Another day, another nap.

While Rudy gets her daily three-hour fix of beauty sleep, I spend the first hour cleaning up after lunch and sometimes breakfast, and then doing whatever household tidying is necessary before I move on to other tasks I've been putting off for the past week or more. Today my tidying was putting away groceries and the detritus on the playroom floor, vacuuming up a bowlful of Kix, getting roasted sweet potatoes into the fridge to reheat for dinner, putting Marley's latest pile of library books in their designated box, folding a basket of laundry and getting two other loads going, and sorting through the mail. Then I planned to get through Rudy's birthday party invitations and to finally order the four-months-worth of pictures on Snapfish I last wrote about ordering three weeks ago. It may not sound like a lot, but it's time-consuming. And it can be monotonous. And I know I'm fortunate. I'm just saying.

And before it all gets done, I usually have to leave for field hockey practice or for a game. But tonight I've got a night game. Away. Which means I'll be bouncing along on a school bus with the team at 4 p.m., and again with a sweatier version of the same team sometime before 9 p.m. It isn't my favorite way to travel the open road. In exchange, though, for today I get Rudy's entire nap to actually order the pictures and address the invitations. Plus, catch up on email, figure out how Rudy's birthday and party will actually go, and start planning things like the field hockey end-of-season dinner.

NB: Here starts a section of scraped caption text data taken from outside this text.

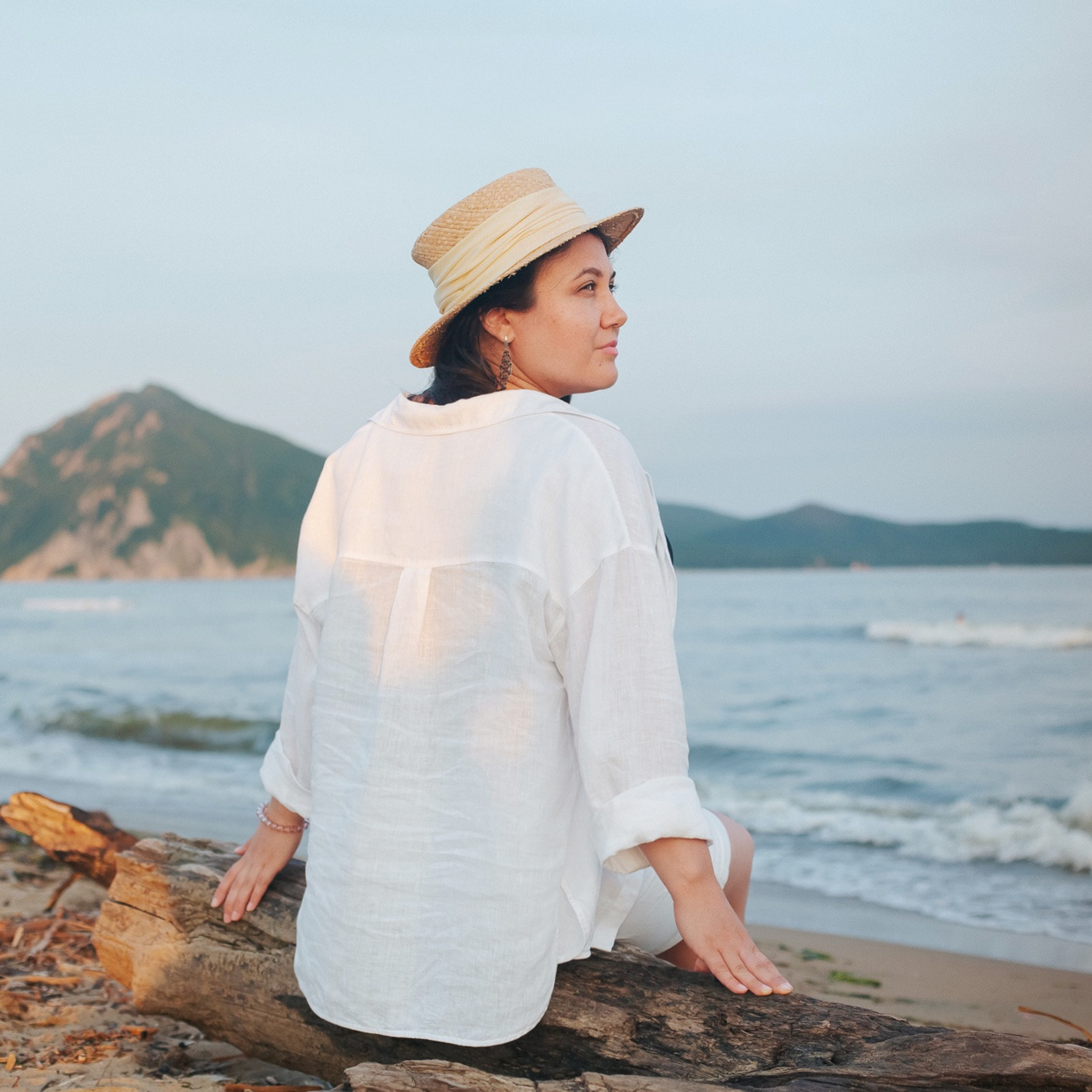 как фотограф красиво снимает полных девушек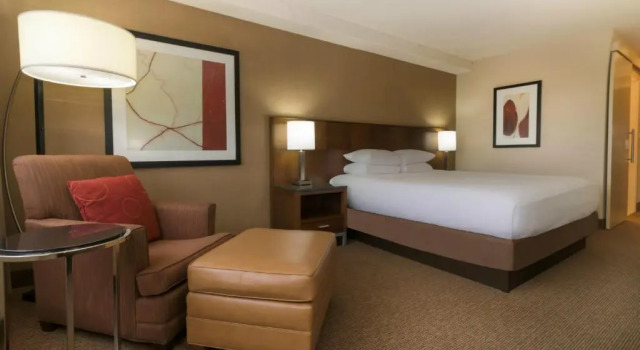 Номер Standard с видом на реку DoubleTree by Hilton Spokane City Center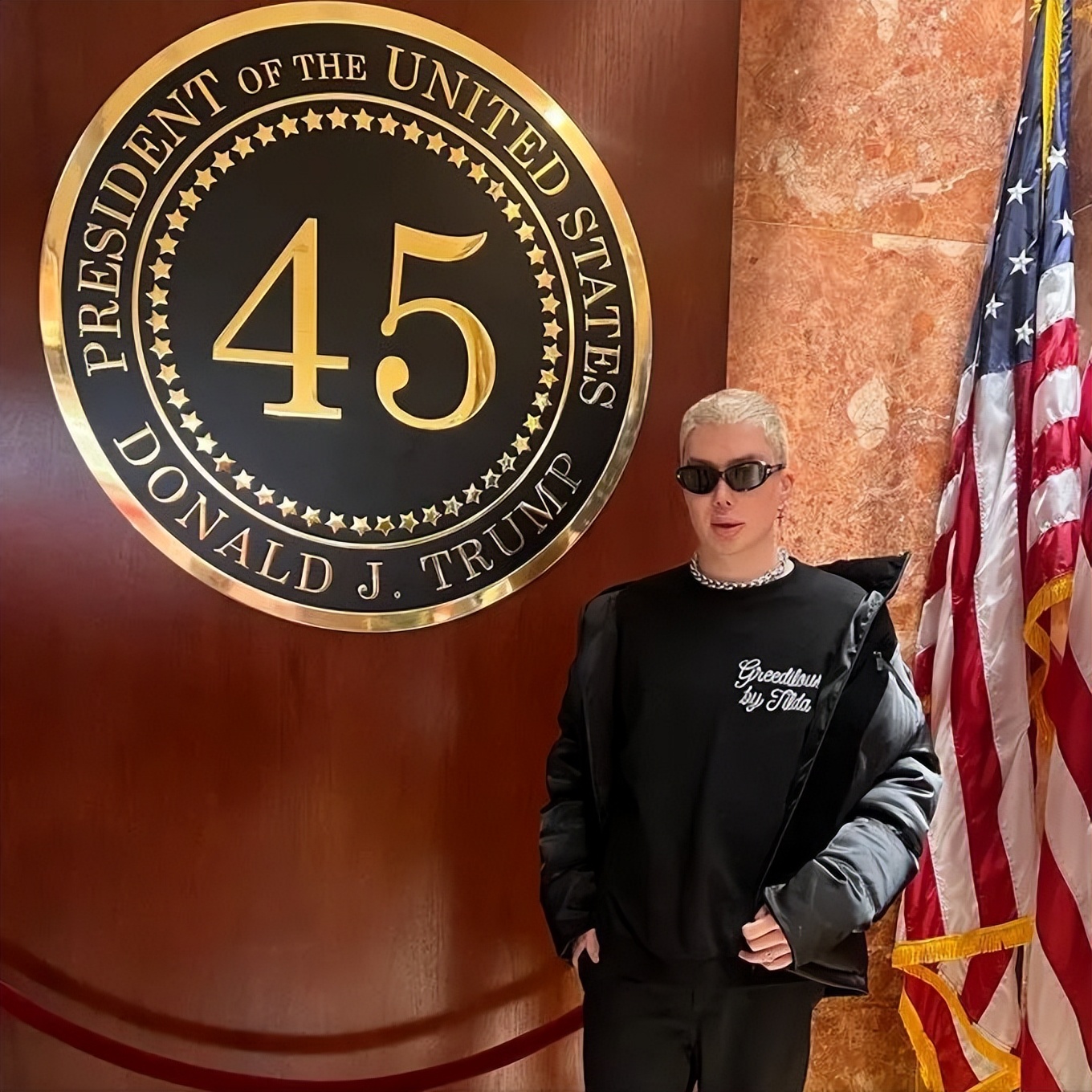 痴迷韩团的英国小哥整成韩国欧巴后又变成韩国女性，如今却后悔了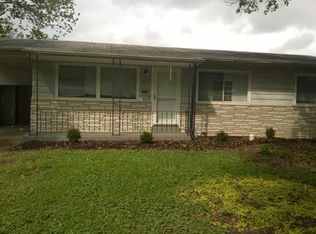 921 Chula Dr, Hazelwood, MO 63042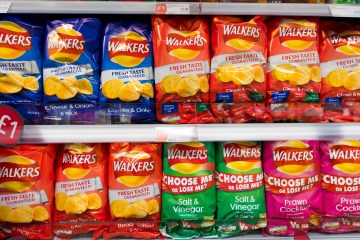Walkers bringt zwei neue Geschmacksrichtungen auf den Markt, nachdem es sich mit dem Fast-Food-Riesen zusammengetan hat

When Rudy's sleeping, Marley usually watches about an hour of television while I'm straightening up. Today it was the Pink Panther, again. And then she gets going with her books or some kind of Marley-Glitter-Pink-Butterfly-Beautiful-Project until her babysitter or one of my sisters is scheduled to watch her and Toot. One afternoon, Bean and I made a delightful little cityscape out of blocks in the living room before I had to race off to coach. And a handful of times this season, her friend Will has run over from his house one street over to pick her up for a spontaneous playdate, which is so, so sweet and cute. And I will remind them of that when I'm taking their pre-prom pictures.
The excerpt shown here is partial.